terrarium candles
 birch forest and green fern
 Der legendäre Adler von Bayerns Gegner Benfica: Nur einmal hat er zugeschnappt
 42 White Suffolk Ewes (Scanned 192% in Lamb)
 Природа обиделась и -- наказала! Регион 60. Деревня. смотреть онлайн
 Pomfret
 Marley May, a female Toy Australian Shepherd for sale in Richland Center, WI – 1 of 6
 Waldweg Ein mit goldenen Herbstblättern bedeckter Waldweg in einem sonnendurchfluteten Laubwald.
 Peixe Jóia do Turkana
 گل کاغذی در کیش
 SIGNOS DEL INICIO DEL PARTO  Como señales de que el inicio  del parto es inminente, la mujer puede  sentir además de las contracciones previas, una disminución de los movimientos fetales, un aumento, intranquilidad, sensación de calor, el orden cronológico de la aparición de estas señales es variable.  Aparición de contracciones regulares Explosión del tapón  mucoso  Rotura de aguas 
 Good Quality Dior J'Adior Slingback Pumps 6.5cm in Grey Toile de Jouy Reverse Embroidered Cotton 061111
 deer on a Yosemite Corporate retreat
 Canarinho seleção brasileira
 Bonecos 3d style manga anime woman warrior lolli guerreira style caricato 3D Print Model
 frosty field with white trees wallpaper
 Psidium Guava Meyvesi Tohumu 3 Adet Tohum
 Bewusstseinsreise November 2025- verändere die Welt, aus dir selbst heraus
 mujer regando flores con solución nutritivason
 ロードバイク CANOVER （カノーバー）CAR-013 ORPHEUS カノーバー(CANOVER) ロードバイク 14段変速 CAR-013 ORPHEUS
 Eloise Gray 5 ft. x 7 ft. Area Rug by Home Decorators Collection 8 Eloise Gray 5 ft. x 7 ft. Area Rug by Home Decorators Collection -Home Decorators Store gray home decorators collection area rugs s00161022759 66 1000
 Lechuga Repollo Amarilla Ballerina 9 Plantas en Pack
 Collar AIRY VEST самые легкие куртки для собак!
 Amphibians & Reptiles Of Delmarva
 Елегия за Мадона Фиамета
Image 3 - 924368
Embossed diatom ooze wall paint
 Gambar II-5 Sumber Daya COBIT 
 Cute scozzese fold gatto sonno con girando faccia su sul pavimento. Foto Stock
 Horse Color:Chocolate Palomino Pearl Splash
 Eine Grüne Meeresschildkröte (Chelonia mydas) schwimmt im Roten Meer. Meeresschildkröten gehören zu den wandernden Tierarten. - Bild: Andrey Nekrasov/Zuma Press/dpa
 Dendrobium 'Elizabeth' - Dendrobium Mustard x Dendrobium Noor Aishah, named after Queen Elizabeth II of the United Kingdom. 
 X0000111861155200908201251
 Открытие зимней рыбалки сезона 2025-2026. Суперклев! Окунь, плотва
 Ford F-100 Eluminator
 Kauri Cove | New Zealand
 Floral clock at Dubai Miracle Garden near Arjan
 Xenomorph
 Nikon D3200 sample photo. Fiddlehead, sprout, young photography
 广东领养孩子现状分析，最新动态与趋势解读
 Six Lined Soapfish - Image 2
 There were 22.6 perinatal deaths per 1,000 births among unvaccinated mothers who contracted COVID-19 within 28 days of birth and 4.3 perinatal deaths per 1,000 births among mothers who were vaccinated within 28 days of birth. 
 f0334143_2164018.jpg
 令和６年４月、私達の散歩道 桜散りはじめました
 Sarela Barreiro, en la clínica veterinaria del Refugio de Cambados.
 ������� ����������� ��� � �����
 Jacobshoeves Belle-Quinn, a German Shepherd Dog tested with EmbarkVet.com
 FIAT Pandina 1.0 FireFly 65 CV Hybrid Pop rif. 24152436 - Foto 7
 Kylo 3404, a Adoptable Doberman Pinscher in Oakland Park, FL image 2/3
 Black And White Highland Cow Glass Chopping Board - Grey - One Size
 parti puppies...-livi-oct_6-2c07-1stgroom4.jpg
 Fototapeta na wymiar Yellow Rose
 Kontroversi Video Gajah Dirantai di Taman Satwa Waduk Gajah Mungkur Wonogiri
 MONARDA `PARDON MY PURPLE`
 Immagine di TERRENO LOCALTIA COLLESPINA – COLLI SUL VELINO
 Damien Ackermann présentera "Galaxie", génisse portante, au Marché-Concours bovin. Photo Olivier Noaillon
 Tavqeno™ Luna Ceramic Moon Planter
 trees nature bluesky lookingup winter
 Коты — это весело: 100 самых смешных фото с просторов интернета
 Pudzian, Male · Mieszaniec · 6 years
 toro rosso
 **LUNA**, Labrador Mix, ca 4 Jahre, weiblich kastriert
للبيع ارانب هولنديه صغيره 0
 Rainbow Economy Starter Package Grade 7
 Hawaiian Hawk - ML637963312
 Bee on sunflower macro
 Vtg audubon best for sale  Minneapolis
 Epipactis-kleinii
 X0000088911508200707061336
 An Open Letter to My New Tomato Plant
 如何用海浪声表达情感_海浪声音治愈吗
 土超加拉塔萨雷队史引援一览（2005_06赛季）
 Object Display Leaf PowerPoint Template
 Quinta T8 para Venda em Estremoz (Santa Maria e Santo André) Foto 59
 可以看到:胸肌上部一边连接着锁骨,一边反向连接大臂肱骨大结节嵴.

What is expected
From the records above, transcribe exactly the run of lines that opens with the line holding "Nikon D3200 sample" and closes with the line holding "Six Lined Soapfish - Image 2", both included.

Output for this task
 Nikon D3200 sample photo. Fiddlehead, sprout, young photography
 广东领养孩子现状分析，最新动态与趋势解读
 Six Lined Soapfish - Image 2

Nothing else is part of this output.